Mais Pulp Fiction, ce n'est pas que de l'absurde à ne plus savoir qu'en faire, c'est aussi une réalisation. Ce montage complètement aléatoire (ou pas) des différents évènements fait qu'on ne comprend le déroulement de chaque action qu'à la toute fin du film. Certains diront que c'est pour mieux cacher la misère d'une histoire creuse et sans intérêt, sans morale finale. J'ai envie de dire que ces gens n'ont pas compris le but de ce que l'on appelle "une tranche de vie". On suit ici plusieurs personnages sur une ou deux journées, dont les chemins vont finir par se croiser d'une façon plus ou moins improbable, bouleversant ainsi toute leur vie. C'est tout, il n'y a rien à chercher en sus dans cette fresque sur une poignée d'habitants de la Cité des Anges. De plus, je ne pense pas qu'il soit nécessaire d'apporter une morale à chaque film pondu dans un recoin de cette planète.
Et puis les personnages sont tellement extraordinaires avec le peu que l'on sait d'eux, que je n'ai pas envie d'en savoir davantage sur leur biographie. Tarantino ne nous transmet ici que quelques miettes - plus ou moins grosses selon les rôles - sur ces femmes et ces hommes qui gravitent les uns autour des autres et ce qu'on apprend ne relève pas d'une profondeur philosophique transcendantale, mais on s'en fiche, on les aime quand même. Que ce soit John Travolta (en homme de main décomplexé qui se laisse gentiment porter par les évènements), Samuel L. Jackson (tête pensante du duo qui finit par gober ses propres sermons), Uma Thurman (brunette qui met le feu aux poudres partout où elle passe) ou Bruce Willis (qui, pour sauver ses miches et sa montre, va se retrouver de nouveau en sang), on s'accroche tous à eux avec une facilité déconcertante. La galerie ne s'achève pas là : on a encore un chef de gang local qui va chuter lourdement de son piédestal, une épouse française frêle et émotive, ainsi qu'un couple de paumés qui va prendre une décision qu'ils n'auraient sûrement jamais dû prendre.
Le film est également violent, mais pas autant que les métrages que Tarantino réalisera par la suite qui déborderont d'hémoglobine par tous les pores. Ici, il y a du sang et des balles qui fusent, mais rien qui ne vous retournera les tripes. On ne s'attarde pas sur les assassinats, au point que certains sont si soudains, si fugaces, que lorsqu'on réalise qui vient de s'en prendre une, la caméra est déjà en train de tourner la scène suivante. Bref, l'apologie du carnage - aperçue dans Kill Bill, Inglorious Basterds ou encore Django - est ici réduite à son minimum. Ca se regarde sans détourner les yeux, en piochant régulièrement dans le bol de cacahouètes.

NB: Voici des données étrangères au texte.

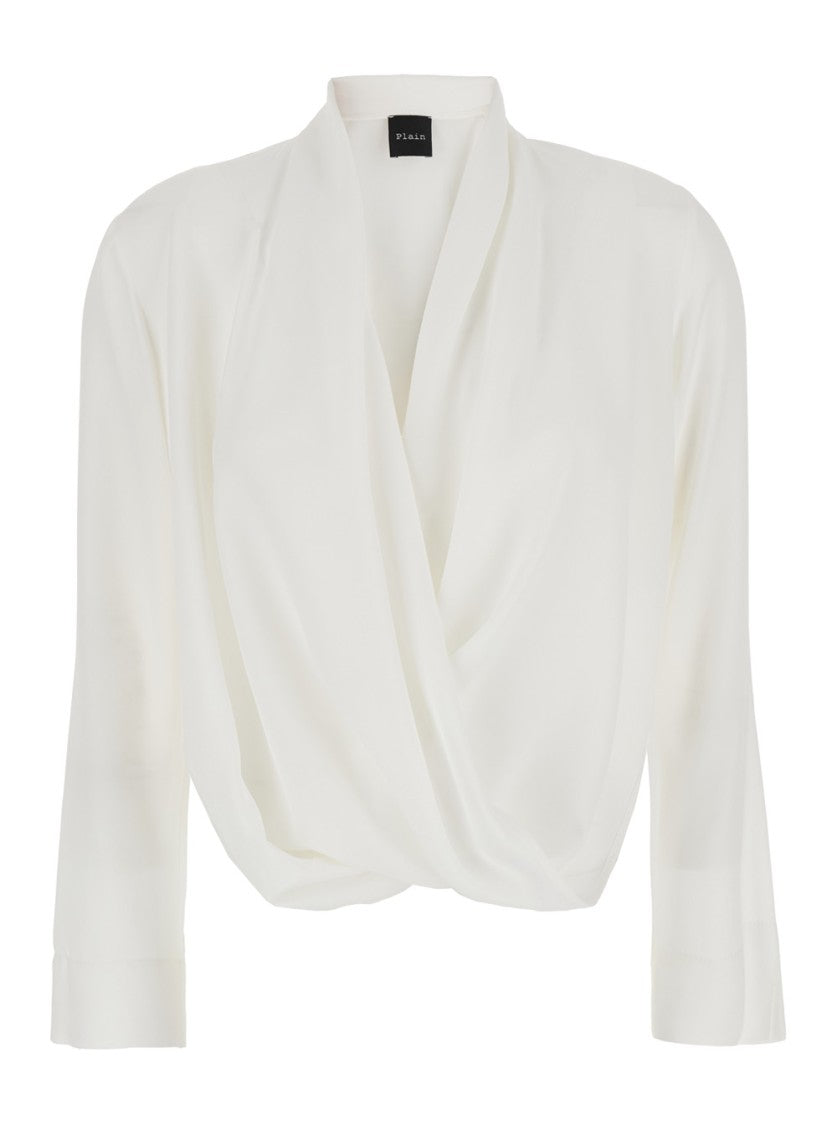 Plain Draped Front Georgette Blouse With Relaxed Fit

Pas la peine de revenir sur l'excellent jeu des acteurs, même Tarantino délivre une bonne prestation ici tout en apparaissant assez longuement à l'écran. Non, l'élément final à souligner, c'est la musique. Ces vieux sons sortis tout droit du grenier accompagnent à la perfection l'ambiance doucement rétro de Pulp Fiction. Je dirais même qu'ils sont indispensables au film. Le rythme endiablé du Misirlou que l'on entend sur le générique du début est même devenu un morceau culte.
A voir absolument (et plusieurs fois pour bien tout comprendre du déroulement de l'histoire).